Yeah, I am going to bring up 1997. Outside of about the 1000 real Marlins fans and Cleveland, that World Series was considered one of the worst of the last 25 years. It was a World Series that came down to who would fuck up last. I think we know who did. That was also a World Series where the Tribe ran out a starting rotation of: Charles Nagy, Jaret Wright, Chad Ogea, and Orel Hershiser (washed up by that point). Now please- tell me that wasn't one of the shittiest rotations EVER for a World Series team. Tell me that Chad Ogea wouldn't have been one of the worst World Series MVPs in baseball history. That team got incredibly lucky- the only series they definitely won was the Yankees series, when Sandy handed Mo his ass on a platter. The Os series? The Os just as much flushed that ALCS down the toilet as the Tribe outplayed them. Lenny Webster's complete brainfart? One. Armando Benitez showing Jose Mesa how its' done, costing the Os two of the 4 games? Two. Robbie Alomar showing a tween LBJ how to loaf through a playoff series and act like you had just been 'spoiling' the fans before that? Three. The Os pissed that series away.

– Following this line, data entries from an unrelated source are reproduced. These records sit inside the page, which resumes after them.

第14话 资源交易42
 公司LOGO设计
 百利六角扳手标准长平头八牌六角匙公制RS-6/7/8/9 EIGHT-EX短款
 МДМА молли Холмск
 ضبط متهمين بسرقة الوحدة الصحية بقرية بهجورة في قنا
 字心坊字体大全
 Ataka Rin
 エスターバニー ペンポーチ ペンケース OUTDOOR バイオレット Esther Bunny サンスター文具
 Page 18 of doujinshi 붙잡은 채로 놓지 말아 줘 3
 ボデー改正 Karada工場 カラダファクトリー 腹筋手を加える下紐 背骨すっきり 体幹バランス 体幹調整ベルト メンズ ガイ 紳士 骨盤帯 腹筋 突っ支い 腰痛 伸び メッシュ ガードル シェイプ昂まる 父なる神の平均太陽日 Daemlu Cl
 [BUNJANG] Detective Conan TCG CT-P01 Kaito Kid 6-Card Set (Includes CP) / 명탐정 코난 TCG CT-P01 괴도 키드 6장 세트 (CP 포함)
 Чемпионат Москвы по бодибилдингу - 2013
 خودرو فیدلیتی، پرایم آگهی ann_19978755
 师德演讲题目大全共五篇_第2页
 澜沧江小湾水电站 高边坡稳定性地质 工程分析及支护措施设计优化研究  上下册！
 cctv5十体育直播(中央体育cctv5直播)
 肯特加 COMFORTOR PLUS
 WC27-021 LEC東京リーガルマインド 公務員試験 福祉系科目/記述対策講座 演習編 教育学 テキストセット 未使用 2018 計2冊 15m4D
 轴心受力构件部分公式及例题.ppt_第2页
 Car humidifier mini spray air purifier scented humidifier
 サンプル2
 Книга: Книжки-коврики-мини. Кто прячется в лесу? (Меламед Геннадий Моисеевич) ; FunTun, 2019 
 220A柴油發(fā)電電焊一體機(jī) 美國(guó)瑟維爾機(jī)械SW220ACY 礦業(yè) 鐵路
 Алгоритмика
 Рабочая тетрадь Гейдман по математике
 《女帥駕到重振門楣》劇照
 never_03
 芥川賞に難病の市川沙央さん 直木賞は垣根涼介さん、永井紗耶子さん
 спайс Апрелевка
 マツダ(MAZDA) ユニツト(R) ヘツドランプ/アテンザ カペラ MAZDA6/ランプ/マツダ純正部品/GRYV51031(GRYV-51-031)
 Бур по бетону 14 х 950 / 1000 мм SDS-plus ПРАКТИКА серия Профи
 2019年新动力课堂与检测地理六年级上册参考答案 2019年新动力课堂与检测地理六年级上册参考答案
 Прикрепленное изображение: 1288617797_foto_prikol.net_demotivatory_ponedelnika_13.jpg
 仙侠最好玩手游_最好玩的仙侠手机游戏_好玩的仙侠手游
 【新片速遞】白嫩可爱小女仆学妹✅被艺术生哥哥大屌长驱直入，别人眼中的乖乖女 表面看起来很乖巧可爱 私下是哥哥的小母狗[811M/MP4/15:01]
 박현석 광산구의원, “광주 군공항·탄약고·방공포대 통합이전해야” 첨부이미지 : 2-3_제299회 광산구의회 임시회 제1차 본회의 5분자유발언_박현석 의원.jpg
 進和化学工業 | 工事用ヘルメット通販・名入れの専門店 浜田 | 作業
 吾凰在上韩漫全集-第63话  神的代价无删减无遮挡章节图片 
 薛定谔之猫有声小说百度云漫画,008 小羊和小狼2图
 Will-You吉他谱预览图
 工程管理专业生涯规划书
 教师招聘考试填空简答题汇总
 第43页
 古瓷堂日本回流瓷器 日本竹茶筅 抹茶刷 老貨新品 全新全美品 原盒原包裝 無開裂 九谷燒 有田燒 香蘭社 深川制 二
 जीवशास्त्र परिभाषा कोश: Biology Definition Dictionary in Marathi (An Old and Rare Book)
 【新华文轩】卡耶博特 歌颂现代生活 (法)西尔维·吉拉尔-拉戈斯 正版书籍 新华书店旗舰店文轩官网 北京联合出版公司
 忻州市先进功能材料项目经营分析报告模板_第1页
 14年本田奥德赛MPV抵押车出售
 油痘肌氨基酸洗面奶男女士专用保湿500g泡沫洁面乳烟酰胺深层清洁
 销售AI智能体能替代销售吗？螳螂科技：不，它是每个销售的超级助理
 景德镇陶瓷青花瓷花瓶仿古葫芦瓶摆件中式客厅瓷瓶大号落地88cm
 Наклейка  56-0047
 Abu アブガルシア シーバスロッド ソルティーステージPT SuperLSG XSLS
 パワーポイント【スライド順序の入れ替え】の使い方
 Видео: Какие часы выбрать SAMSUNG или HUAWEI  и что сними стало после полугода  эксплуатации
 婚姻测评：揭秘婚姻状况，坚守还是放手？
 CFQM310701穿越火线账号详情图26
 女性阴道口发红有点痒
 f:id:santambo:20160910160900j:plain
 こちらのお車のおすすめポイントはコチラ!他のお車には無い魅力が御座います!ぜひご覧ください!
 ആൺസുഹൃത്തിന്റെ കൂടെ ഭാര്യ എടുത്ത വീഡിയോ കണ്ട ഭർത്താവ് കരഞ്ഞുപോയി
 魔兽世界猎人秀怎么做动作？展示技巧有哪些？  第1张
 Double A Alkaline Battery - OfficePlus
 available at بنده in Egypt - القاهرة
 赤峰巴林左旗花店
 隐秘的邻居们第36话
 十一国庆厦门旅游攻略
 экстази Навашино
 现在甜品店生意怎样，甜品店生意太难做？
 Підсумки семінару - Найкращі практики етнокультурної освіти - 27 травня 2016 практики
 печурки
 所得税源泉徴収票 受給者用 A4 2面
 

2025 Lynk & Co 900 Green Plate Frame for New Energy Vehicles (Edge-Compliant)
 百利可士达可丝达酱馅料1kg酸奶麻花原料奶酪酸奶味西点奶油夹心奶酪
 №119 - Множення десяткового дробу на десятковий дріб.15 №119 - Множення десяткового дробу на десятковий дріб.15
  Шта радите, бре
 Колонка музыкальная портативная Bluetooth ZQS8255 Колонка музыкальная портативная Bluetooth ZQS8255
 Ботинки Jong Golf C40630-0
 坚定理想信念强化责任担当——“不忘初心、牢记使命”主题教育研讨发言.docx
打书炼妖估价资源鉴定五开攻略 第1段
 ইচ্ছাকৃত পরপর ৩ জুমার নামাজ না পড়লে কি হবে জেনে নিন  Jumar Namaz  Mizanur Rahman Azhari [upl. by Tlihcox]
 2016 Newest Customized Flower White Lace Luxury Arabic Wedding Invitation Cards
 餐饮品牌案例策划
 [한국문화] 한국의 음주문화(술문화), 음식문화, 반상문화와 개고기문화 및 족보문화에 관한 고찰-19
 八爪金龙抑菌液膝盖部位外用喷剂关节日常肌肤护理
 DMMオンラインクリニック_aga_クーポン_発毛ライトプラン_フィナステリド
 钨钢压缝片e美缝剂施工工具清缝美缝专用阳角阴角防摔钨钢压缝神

Yes, I remember that playoff run very well- it was fun to watch because up until the 9th of game 7, the Tribe was winning. But it wasn't great baseball, it was fluke after fluke after fluke. Again, fans fondly remember that year- which is bullshit, b/c up until the middle of August, that was also arguably the most disappointing regular season team of the 90s AND it was the team coming off of losing Albert Belle. That was a decidedly mediocre team that got to the playoffs b/c the Central at that time was putrid. It was a fluke run, much like the Rockies of 2007.
And '95? While that team was an offensive juggernaut, that team had no shot in shit against the Braves' rotation and fans knew it at the time. Greg Maddux, John Smoltz, Tom Glavine... those 3 looked like future HOFers even then. The Tribe's answer? 46 year old Dennis Martinez, 43 year old Orel Hershiser, Charles Nagy (I love Charles but he wasn't even as good as Jake Westbrook), Ken Hill (who the Cards dumped; he was having a bad year when the Tribe snagged him for what they thought was a pittance), and Chad Ogea. Maddux, Glavine, and Smoltz dominated that lineup, and the Braves rolled to their only World Series victory of the 90s.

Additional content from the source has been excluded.